Ay, muchacho, qué negra es la soledad. Tú dirás que tu tía está loca, pero ¿si no converso contigo con quién voy a conversar? Aquí los viejos sobran. Ese teléfono no suena. Y a la calle no hay quien salga: el barrio está cada vez peor. Ayer, en la bodega de la esquina, mataron a alguien. Y ahí atrás robaron hace unas noches. Pero imposible mudarme. ¿Con qué se sienta cucaracha?
Ya no sé lo que te estaba contando. Ah, sí, lo de Luis ¿No te digo? No sirvo para nada. Luis se había ido temprano. Yo creo que ya andaba enamorado de Pilar. Era un infeliz, pobrecito. Bebía y hacía barbaridades como todos los hombres pero no le hacía daño a nadie. De mis hermanos, Cástulo era el que tenía mejor cara, pero los ojos de Luis… ¿Tú te acuerdas? Eran azuliiitos. Alma de Dios. Bueno, pues se había ido al amanecer y no había regresado. Nosotras estábamos tan entretenidas doblando la ropa que no nos dimos cuenta de la hora que era. A veces mamá se asustaba porque creía que le había caído un bicho en la cabeza, pero eran las flores del framboyán. Esa mata es así: todo lo que tiene de bella lo tiene de cochina; cuando dice a soltar flores no hay quien pueda con ella. Yo creo que mamá no se asustaba nada, que lo hacía para divertirme. La verdad es que salíamos de allí con la cabeza llena de flores. Por eso cuando murió se me acabó el mundo. ¡Yo tenía 12 años! Angelito. Aquel viaje a La Habana, el internado… Un día Cástulo me sacó a pasear por la ciudad y de repente descubrí a una niña vestidita igual que yo que me miraba desde dentro de una tienda. Se lo dije: Cástulo, mira esa niña, es igualita a mí. Pero Cástulo se echo a reír: no era una niña, era yo. Nunca había visto espejos tan grandes.

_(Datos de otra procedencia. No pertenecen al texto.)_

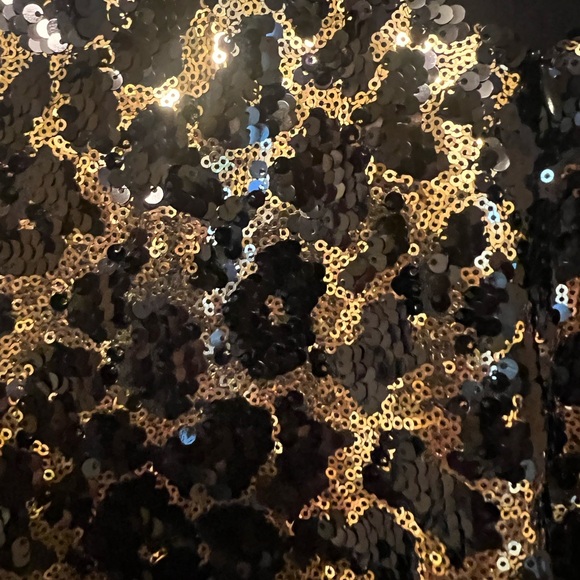 Dress the Population silver and black v back dress - Picture 6 of 8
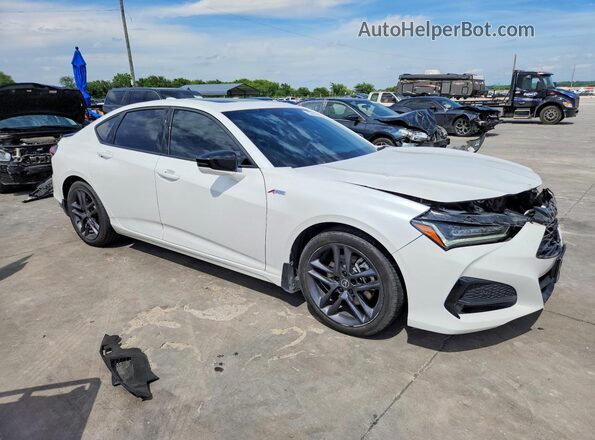19UUB6F56RA000403 2024 ACURA TLX White Передня права чверть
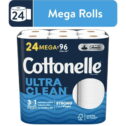Cottonelle Ultra Clean Toilet Paper, 24 Mega Rolls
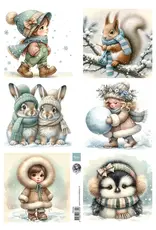 MARIANNE DESIGNS MARIANNE DESIGN COSY WINTER BY FAIRYBELLS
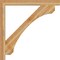 Ekena Millwork Legacy Block Rough Sawn Bracket, Western Red Cedar, 4"W x 48"D x 48"H BKT04X48X48LEC05RWR - alternate 4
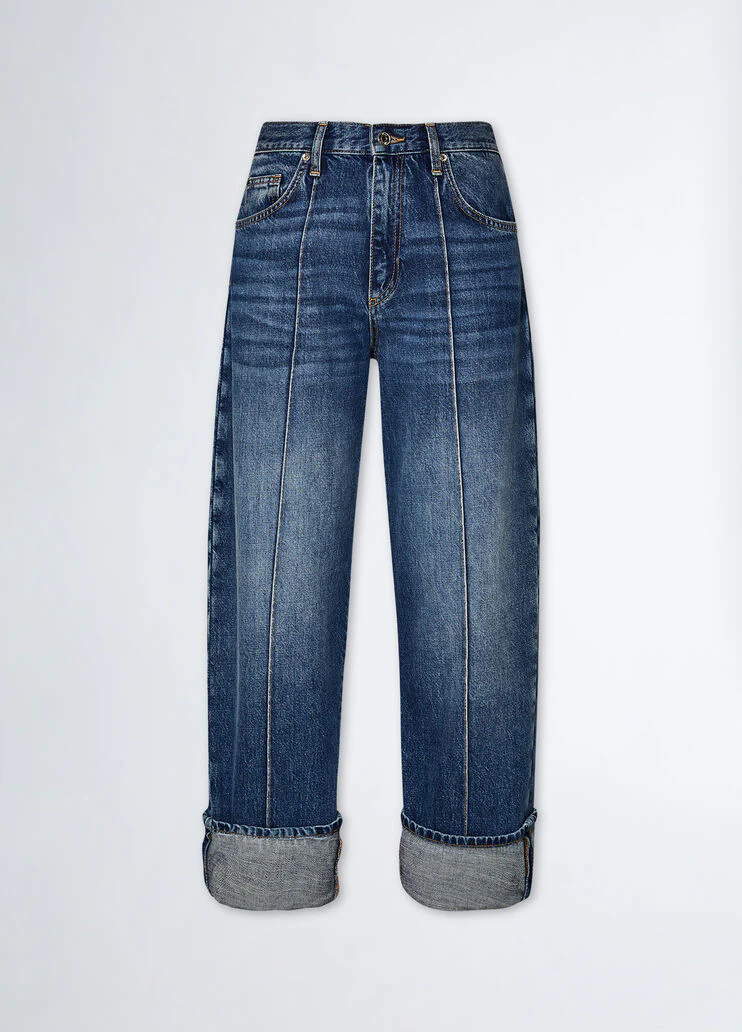 Straight Cropped Jeans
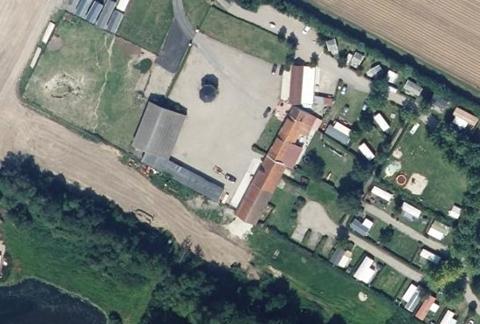 Vue aérienne du Camping de la Ferme de la Mottelette à Forest-Montiers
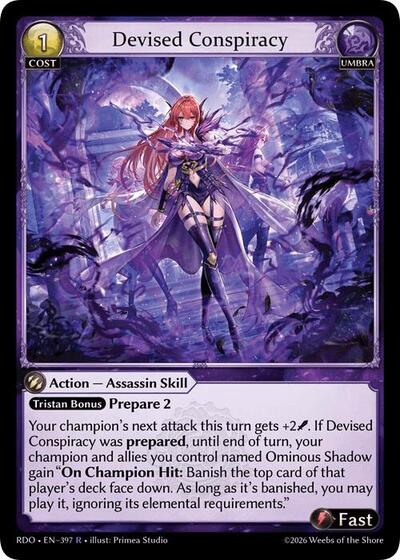 Devised Conspiracy card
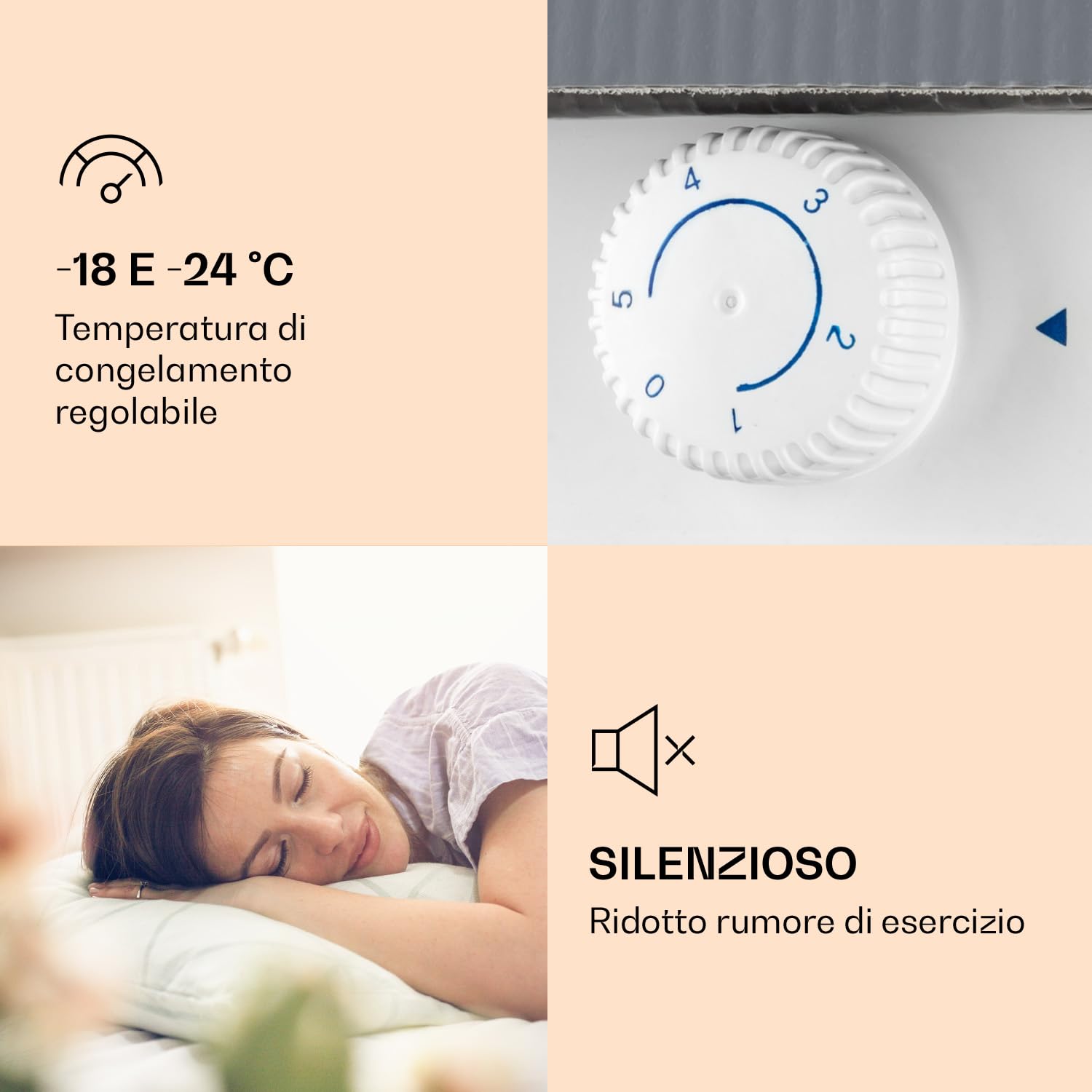 Klarstein Congelatore Piccolo a Cassetti ad Alta Efficienza Energetica, Sottopiano Piccolo da Camera e Ufficio, Vassoio per Ghiaccio, Mini Freezer, 35L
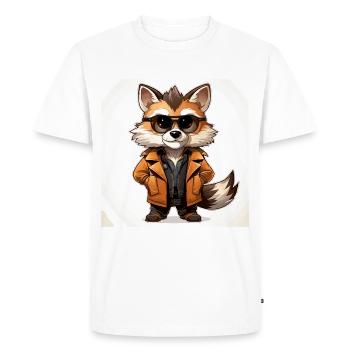 Le designer de raton laveur à la mode - T-shirt Premium bio Homme - blanc - Devant - Nico (187cm)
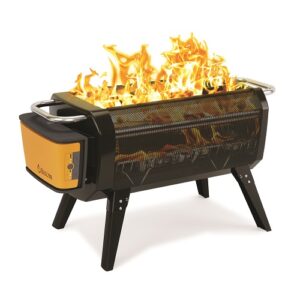 Le Brasero et Barbecue de Biolit, le Firpit+, en vente sur la boutique en ligne de captivan Vue flamme scene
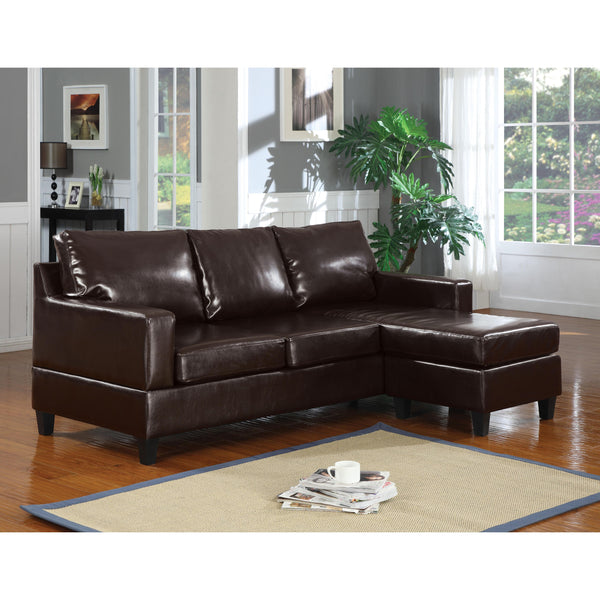 Acme Furniture Robyn Stationary Bonded Leather 2 pc Sectional 15915 IMAGE 1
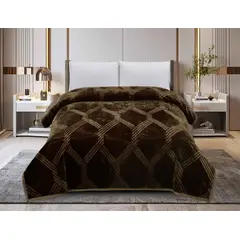 GOLDSUN - FRAZADA PREMIUM TERCIOPELO DOBLE PAÑO REVERSIBLE 6 KILOS 2 PLAZAS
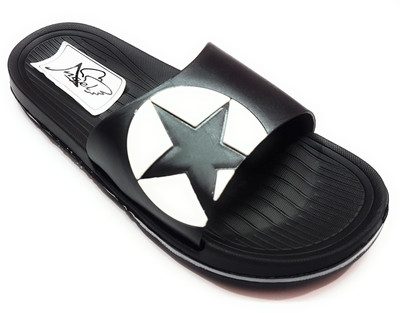 

Angel Fashion Stylish & Comfortable BB Star Slipper For Men Slippers, Black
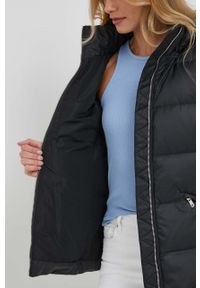 TOMMY HILFIGER - Tommy Hilfiger kurtka puchowa damska kolor czarny zimowa. Kolor: czarny. Materiał: puch. Sezon: zima #2
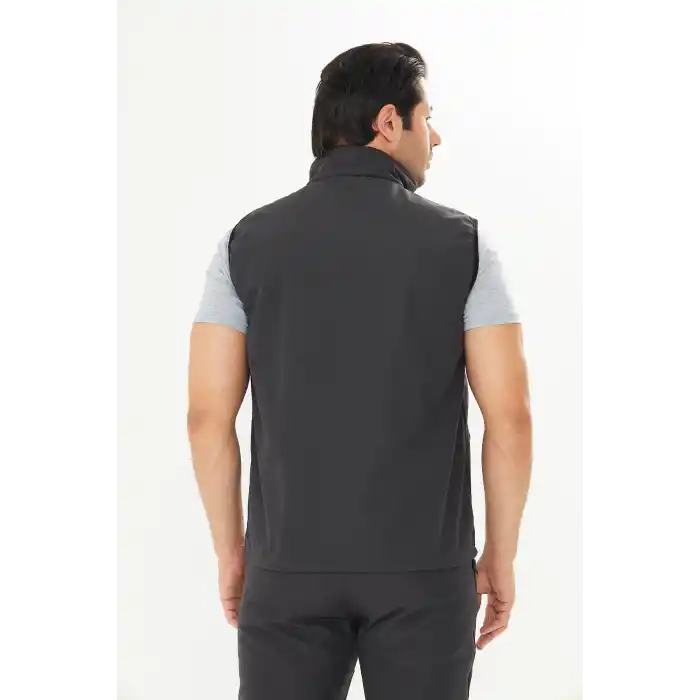 Orange Safety Softshell Füme Yelek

Pero bueno, como te iba diciendo… Ya llevábamos allí un buen rato, debajo del framboyán, cuando oímos el trote de la yegua de Luis. Venía de fango hasta la coronilla. Enseguida nos dimos cuenta de que estaba borracho. Mamá le dijo: Luis Felipe, báñate y acuéstate. Pero Luis no se movió. ¿No me oyes, Luis? Te he dicho que te bañes y te acuestes. Yo seguí doblando la ropa. Entonces fue cuando vi que Luis sacaba el revólver, se apuntaba a la cabeza y decía: me voy a matar. Todavía me parece verlo sonriendo, como retando a mamá. Pero más susto me di cuando oí que mamá, despaciiito, le decía: hijo mío, cuando un hombre saca el revólver es para usarlo, si no, no lo saca. Yo dije para mí misma: mamá está loca. Pero Luis no disparó. Enfundó el revólver, dio media vuelta, se bañó y se metió en la cama. Mamá estaba pálida como la ropa. Yo no me quiero acordar”.